Input for this task
[Start of section]

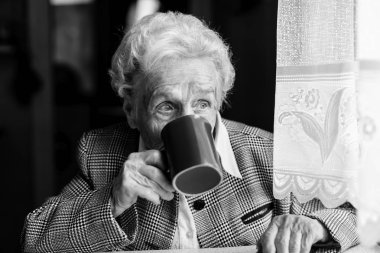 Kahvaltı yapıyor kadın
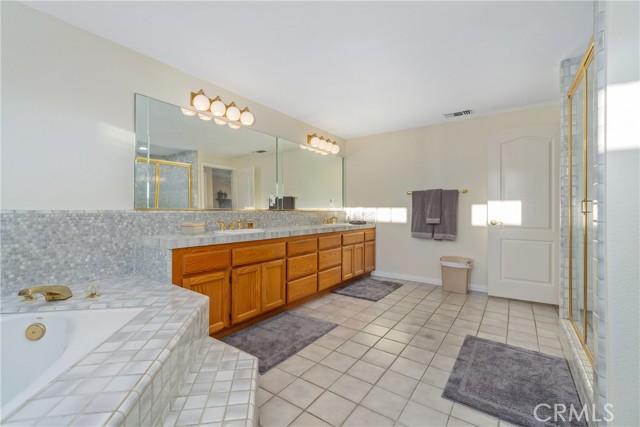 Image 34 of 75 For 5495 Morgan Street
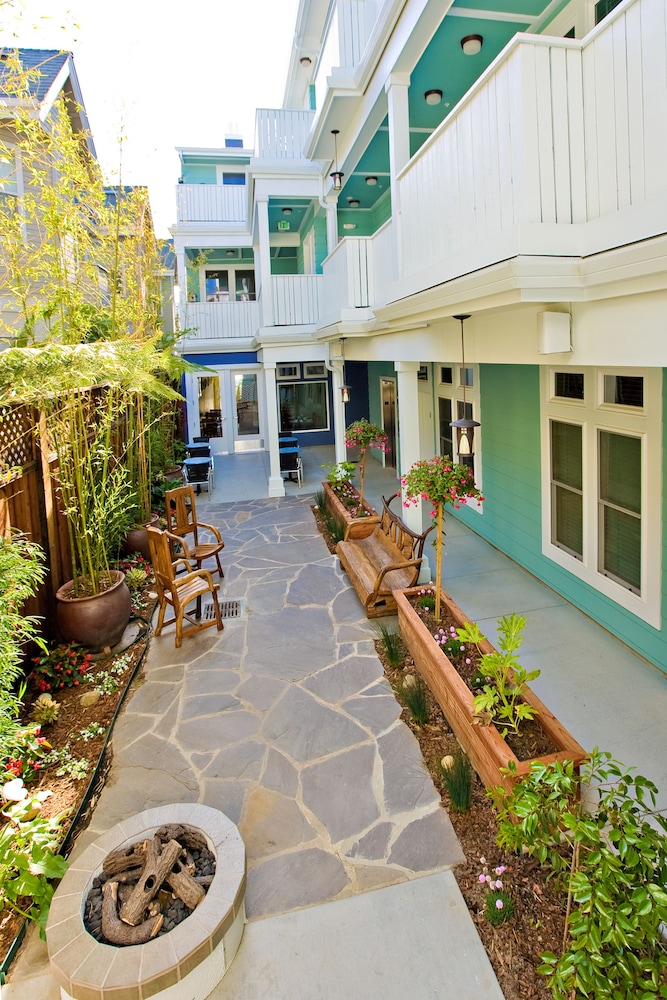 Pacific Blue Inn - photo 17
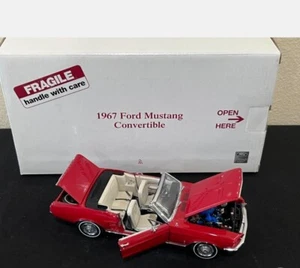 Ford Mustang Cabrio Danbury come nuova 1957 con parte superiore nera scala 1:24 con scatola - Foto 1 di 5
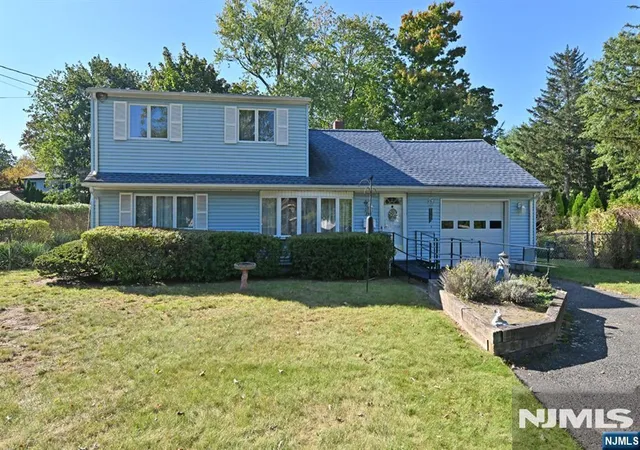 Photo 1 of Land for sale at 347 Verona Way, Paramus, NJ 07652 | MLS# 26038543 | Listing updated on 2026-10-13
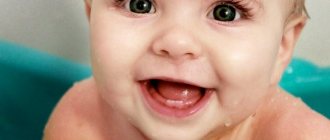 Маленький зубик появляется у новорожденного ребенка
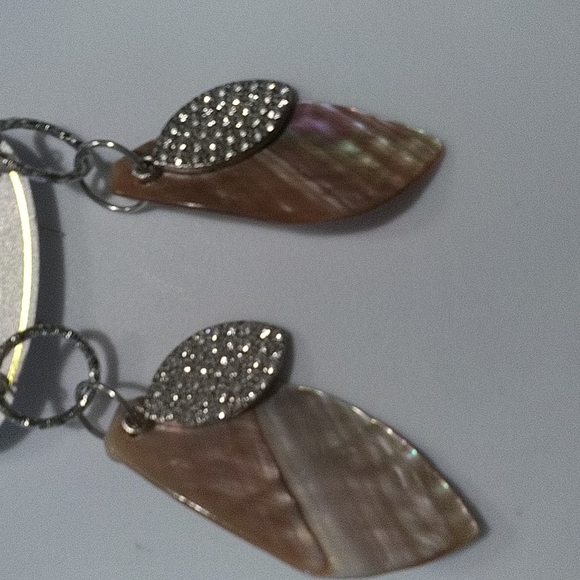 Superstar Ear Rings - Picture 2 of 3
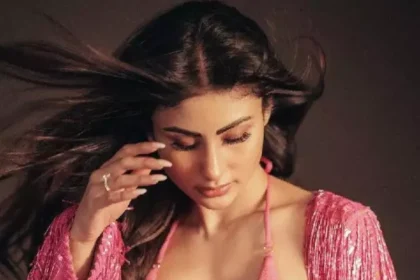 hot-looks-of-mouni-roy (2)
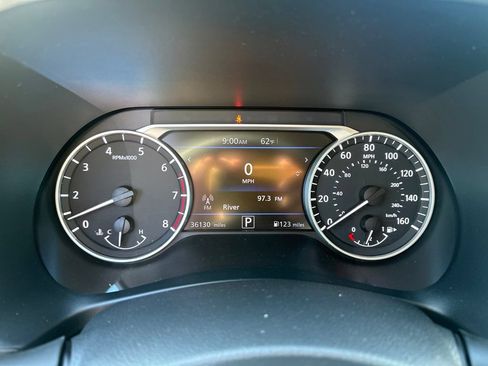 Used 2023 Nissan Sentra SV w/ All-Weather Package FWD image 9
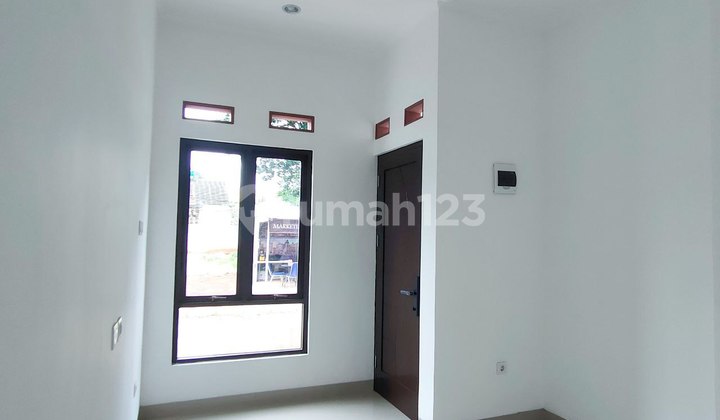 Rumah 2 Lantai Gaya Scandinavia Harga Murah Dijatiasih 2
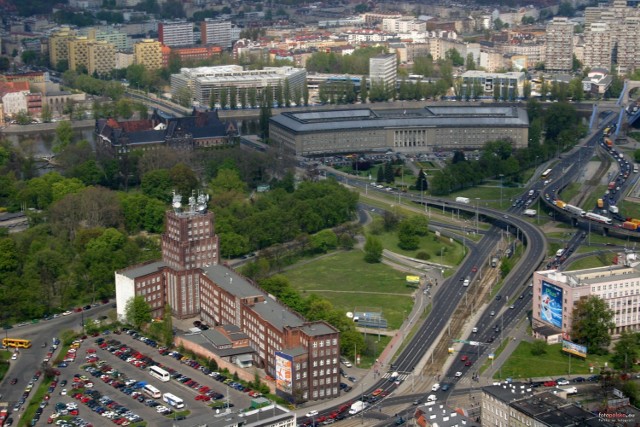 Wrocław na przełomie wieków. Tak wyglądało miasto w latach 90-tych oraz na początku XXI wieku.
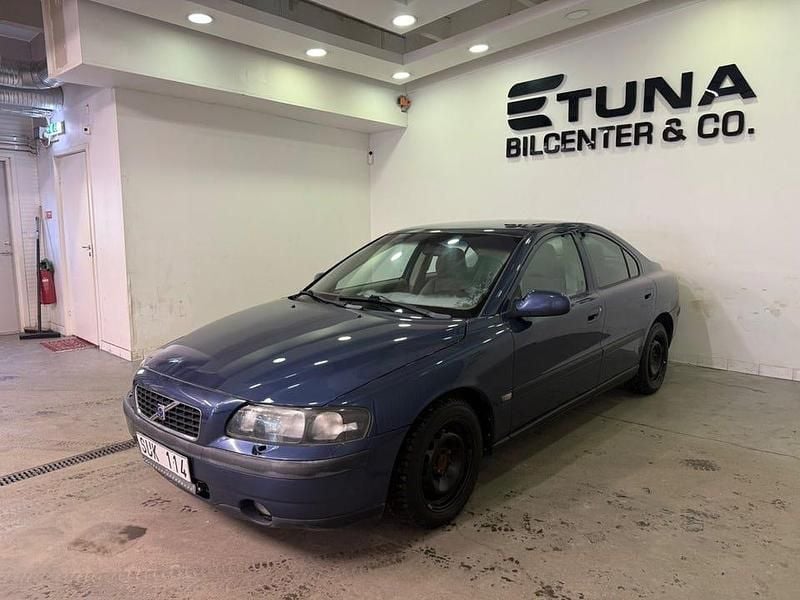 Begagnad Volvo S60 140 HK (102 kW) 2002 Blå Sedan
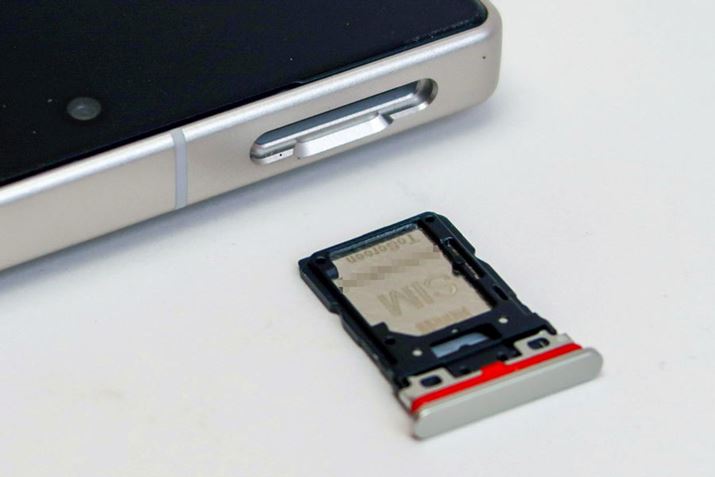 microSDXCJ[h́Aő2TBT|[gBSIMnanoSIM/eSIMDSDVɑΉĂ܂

[End of section]
[Start of section]

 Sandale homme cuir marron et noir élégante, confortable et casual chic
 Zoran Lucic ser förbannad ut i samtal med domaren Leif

[End of section]
[Start of section]

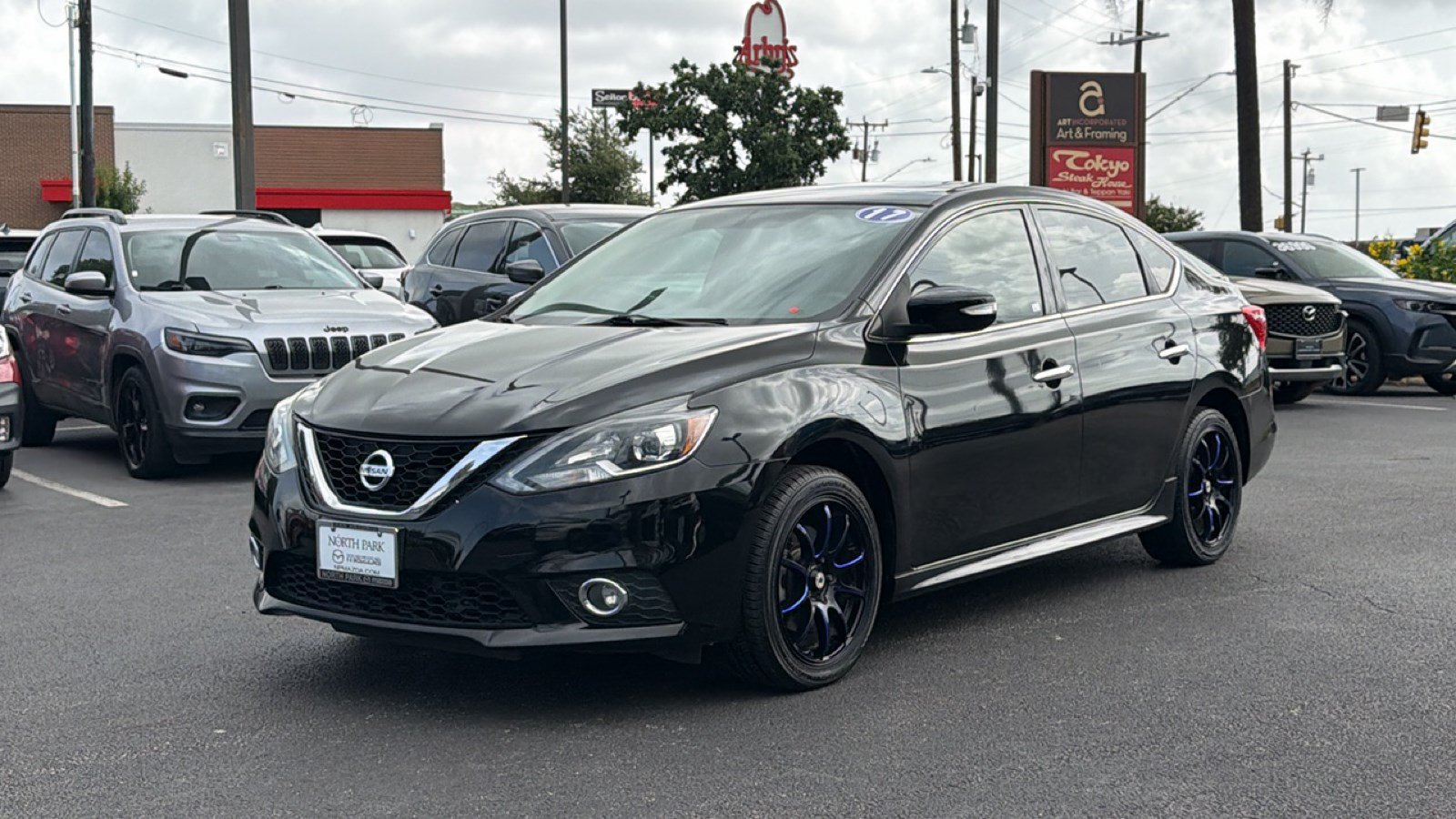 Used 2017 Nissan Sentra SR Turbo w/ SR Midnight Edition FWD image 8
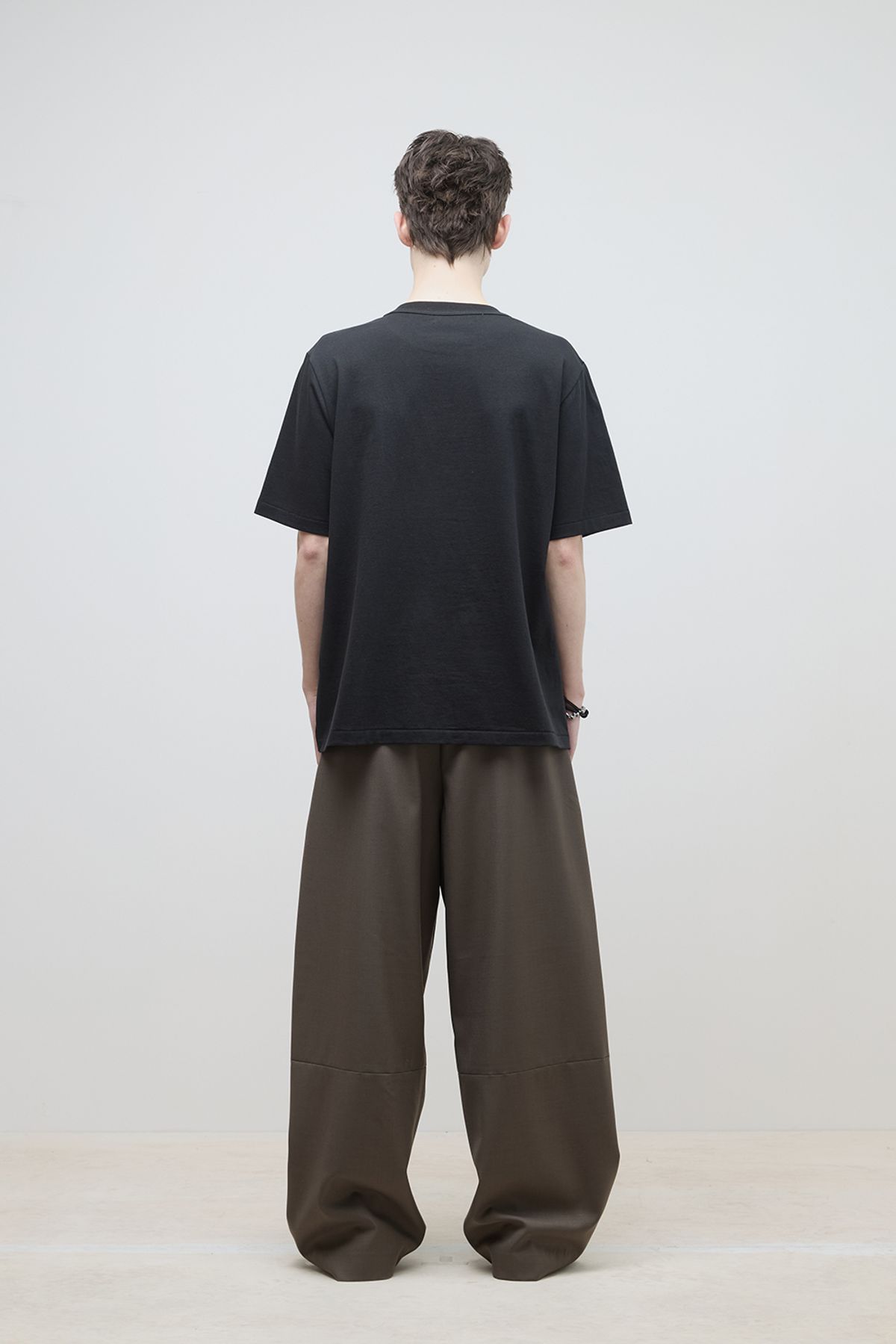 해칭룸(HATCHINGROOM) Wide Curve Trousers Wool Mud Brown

[End of section]

Brief
Exactly the lines above from the one that contains "Kahvaltı yapıyor kadın" down to the one that contains "Wrocław na przełomie" are to be output, both ends kept and pictures omitted.

Your solution
 Kahvaltı yapıyor kadın
 Image 34 of 75 For 5495 Morgan Street
 Pacific Blue Inn - photo 17
 Ford Mustang Cabrio Danbury come nuova 1957 con parte superiore nera scala 1:24 con scatola - Foto 1 di 5
 Photo 1 of Land for sale at 347 Verona Way, Paramus, NJ 07652 | MLS# 26038543 | Listing updated on 2026-10-13
 Маленький зубик появляется у новорожденного ребенка
 Superstar Ear Rings - Picture 2 of 3
 hot-looks-of-mouni-roy (2)
 Used 2023 Nissan Sentra SV w/ All-Weather Package FWD image 9
 Rumah 2 Lantai Gaya Scandinavia Harga Murah Dijatiasih 2
 Wrocław na przełomie wieków. Tak wyglądało miasto w latach 90-tych oraz na początku XXI wieku.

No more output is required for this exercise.